Start of Block

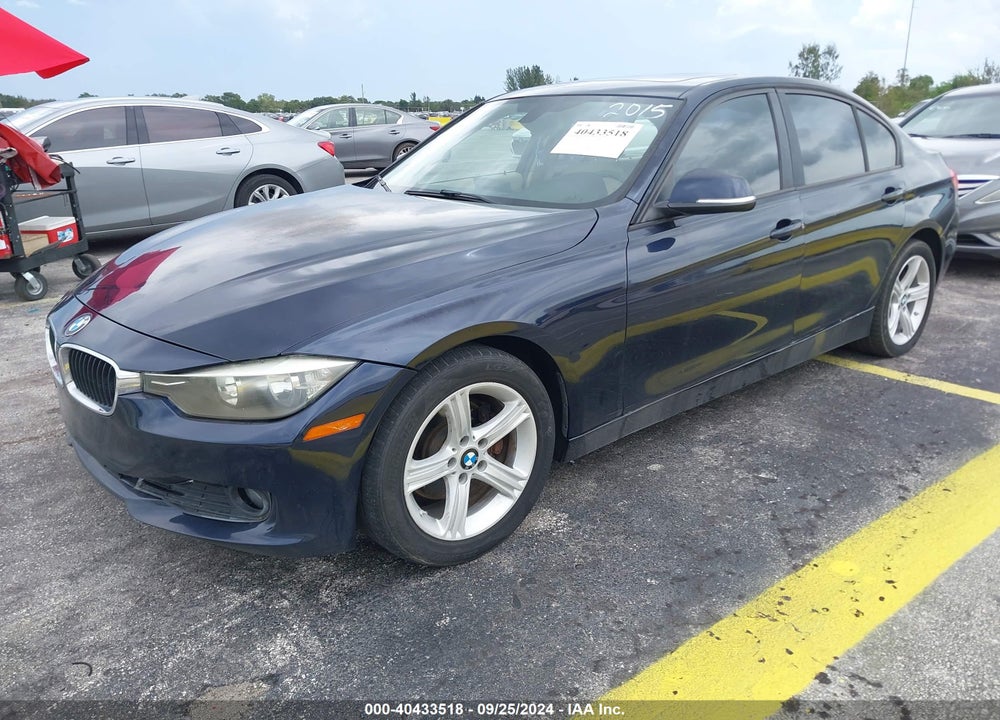 2015 BMW 320I XDRIVE VIN: WBA3C3C58FK203015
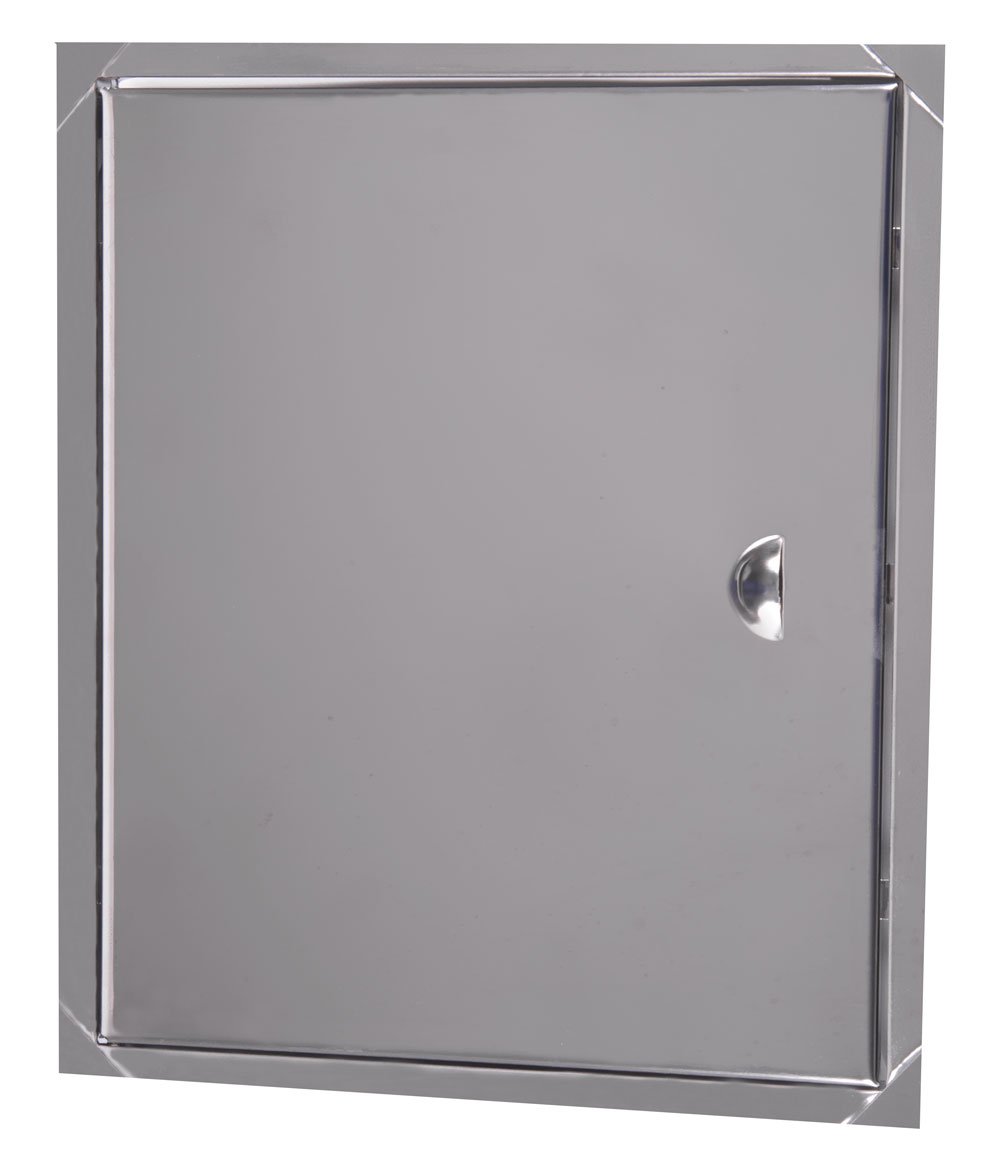 200x300mm Metal Chrome/Steel Access Panels Inspection Hatch Access Doors Door Panel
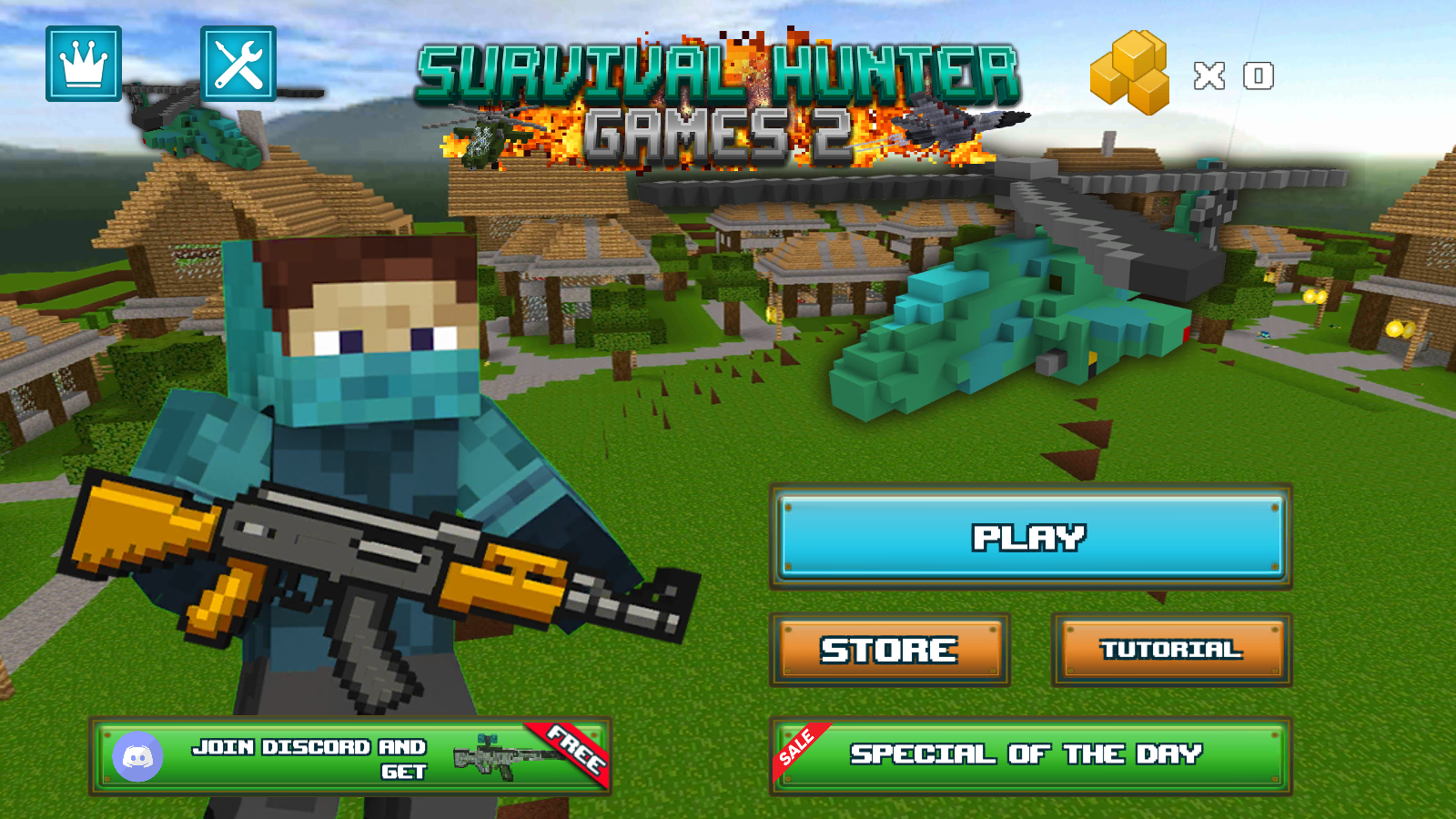 The Survival Hunter Games 2(Ϸ2޻Ұ)ͼ0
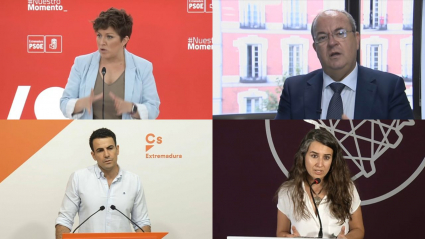 Portavoces Partidos políticos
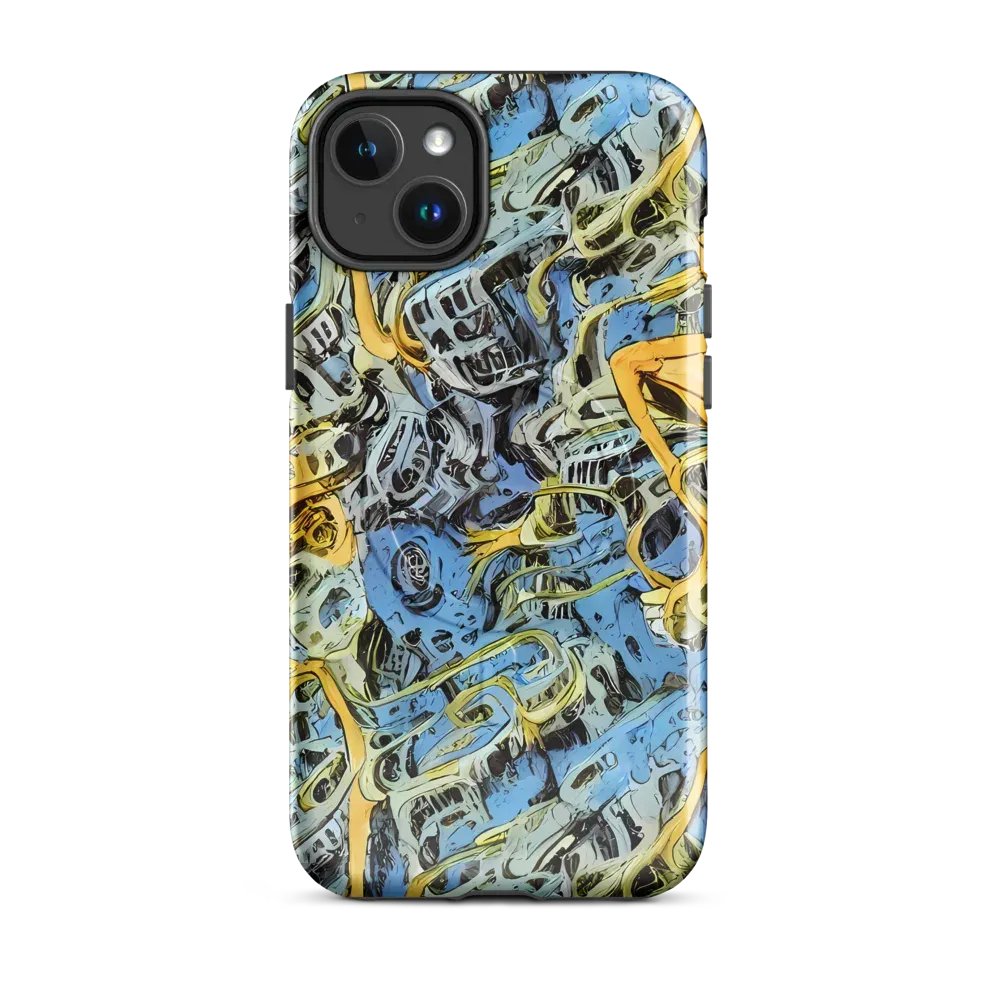 Electric Ossuary on MagSafe Tough Case for iPhone® — Front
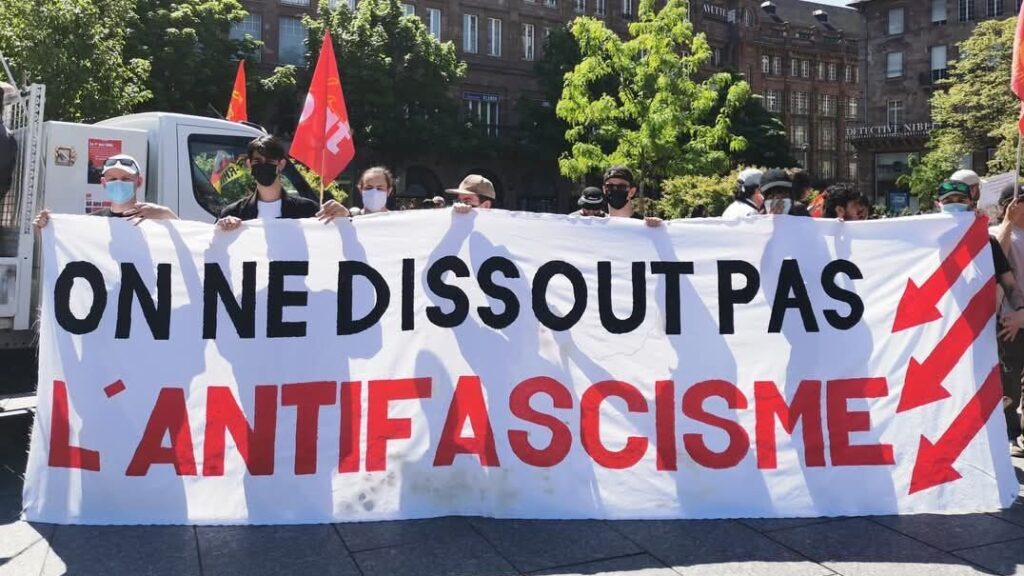 soutien jeune garde 1er mai antifas extrême droite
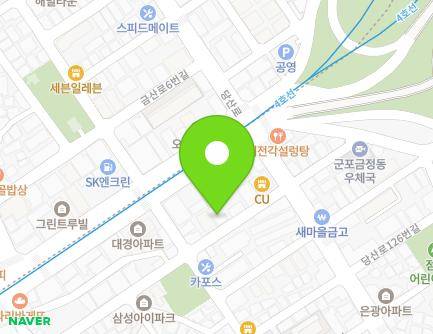 12 Dangsan-ro 135beon-gil, Gunpo-si, Gyeonggi-do, Republic of Korea Map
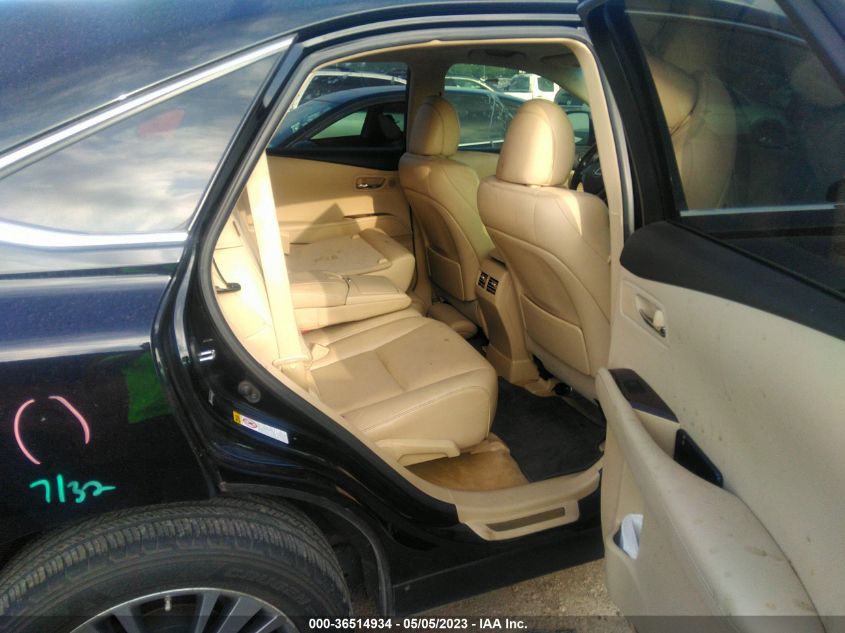 2013 LEXUS RX 350 - JTJZK1BA3D2006279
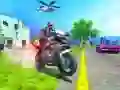 Leikur Lögreglu Motocycle Driver á netinu Leikur Lögreglu Motocycle Driver á netinu
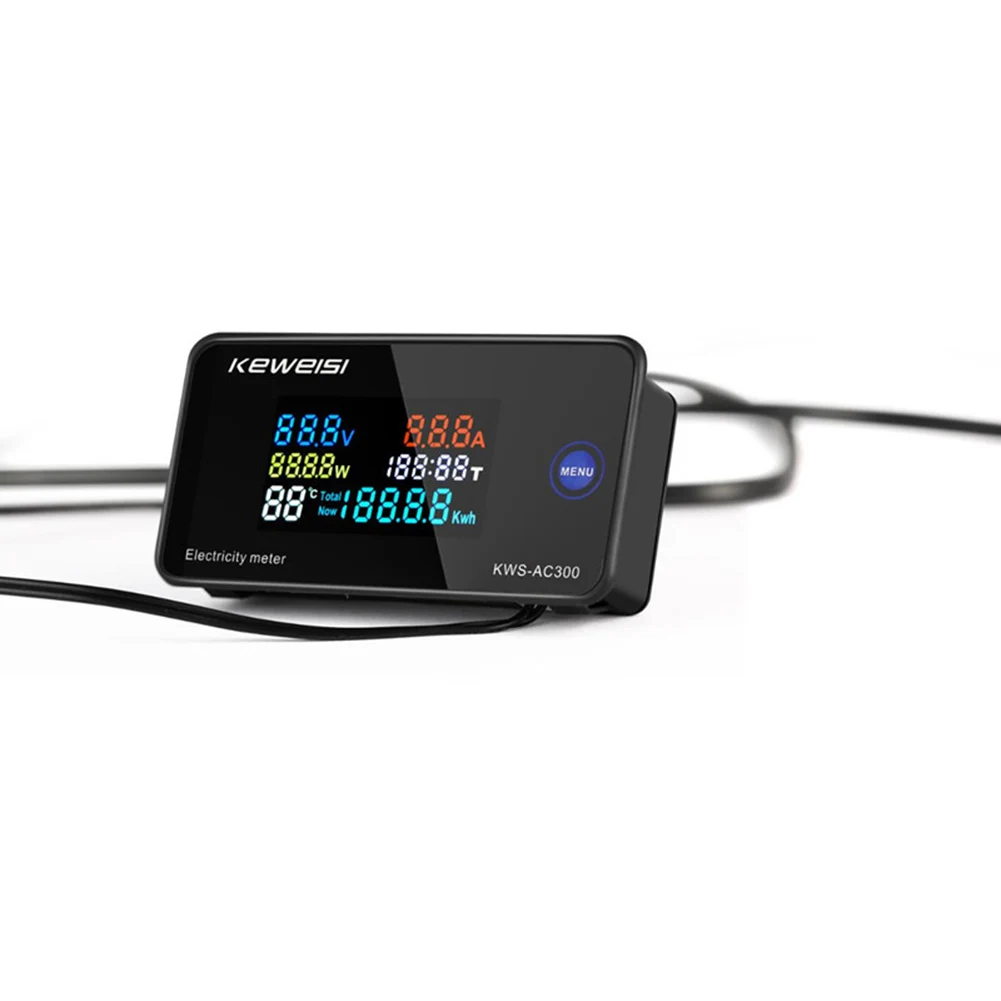 Ammeter Voltmeter LED Parts Power Replacement Vehicle W/ Reset Function Wattmeter AC300-20A Accessories Durable
Ammeter Voltmeter LED Parts Power Replacement Vehicle W/ Reset Function Wattmeter AC300-20A Accessories Durable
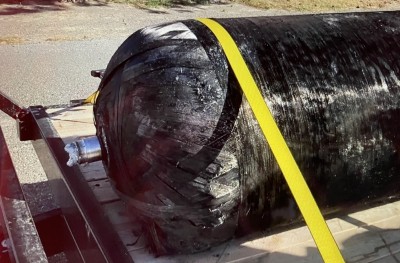 SpaceX rocket debris lands on man's farm in US SpaceX rocket debris lands on man's farm in US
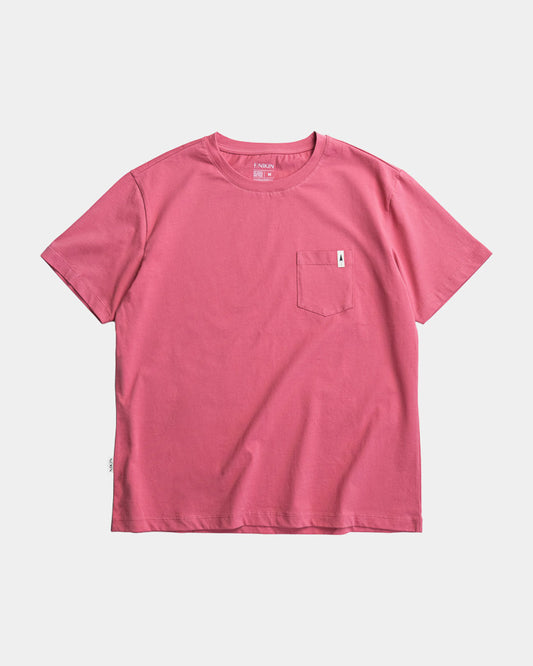 TreeShirt Pocket Mono Relaxed Women Wild Berry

End of Block

*What the task requires*
The required output is every line from the beginning of the material above through the line with "2013 LEXUS RX 350 - JTJZK1BA3D2006279", exact and without pictures.

*Answer for this exercise*
 2015 BMW 320I XDRIVE VIN: WBA3C3C58FK203015
 200x300mm Metal Chrome/Steel Access Panels Inspection Hatch Access Doors Door Panel
 The Survival Hunter Games 2(Ϸ2޻Ұ)ͼ0
 Portavoces Partidos políticos
 Electric Ossuary on MagSafe Tough Case for iPhone® — Front
 soutien jeune garde 1er mai antifas extrême droite
 12 Dangsan-ro 135beon-gil, Gunpo-si, Gyeonggi-do, Republic of Korea Map
 2013 LEXUS RX 350 - JTJZK1BA3D2006279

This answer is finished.